Two new quotes, one from Microsoft and one from Google, to illustrate the degree to which some people are in denial about how much of quantum leap Siri has been. The first one is from Craig Mundie, Chief Research and Strategy Officer at Microsoft. Speaking with Forbes’ Eric Savitz last week at the Techonomy conference in Tucscon, Mundie shrugged off the advent of Siri as nothing more than a “Marketing” coup by Apple. According to Mundie:
You could argue that Microsoft has had a similar capability in Windows Phones for more than a year, since Windows Phone 7 was introduced.
Was there something for Microsoft to learn from the Siri phenomenon? Another shrug from Mundie: “We can learn something on the Marketing side”:
Many people were disappointed with the newest phone because it wasn’t a completely new thing, so the only thing they really had to hammer on was that feature.
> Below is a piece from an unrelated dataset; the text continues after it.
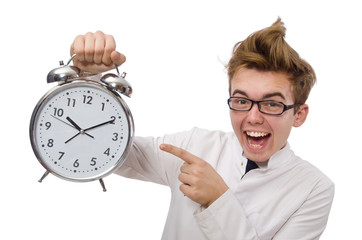 Wall Mural - Funny doctor with alarm clock isolated on white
And there you have it: a revolution reduced to a “feature”. Not the very first time that Microsoft completely misses the bigger picture. Let’s not forget that Microsoft did not grasp how monumental of a revolution the Internet (no less) was. Pick up the first edition of Bill Gates’ The Road Ahead and you can read this:
today’s Internet is not the information highway I imagine, although you can think of it as the beginning of the highway
But immediately after the book was written, Gates realized that the Internet was a far bigger phenomenon than he had recognized and immediately started working on a revision of the book to give the Internet a central road in his story about the road ahead. So much for being a visionary.
As for Google, here is what its Vice President of Mobile, Andy Rubin, had to say:
Your phone is a tool for communicating. You shouldn’t be communicating with the phone; you should be communicating with somebody on the other side of the phone.
This is coming from a company that has invested quite a bit in both speech recognition (the Android has had API hooks to speech recognition since 2009, something that Apple has yet to have) and natural language processing. That and the basic fact that people don’t consider their mobile devices phones any more, but personal — very personal — assistants. Astonishing! I wonder if they will maintain this line about the phone being only for people talking to people when they come out with their clone of Siri — coming to an Android near you very shortly, I am sure.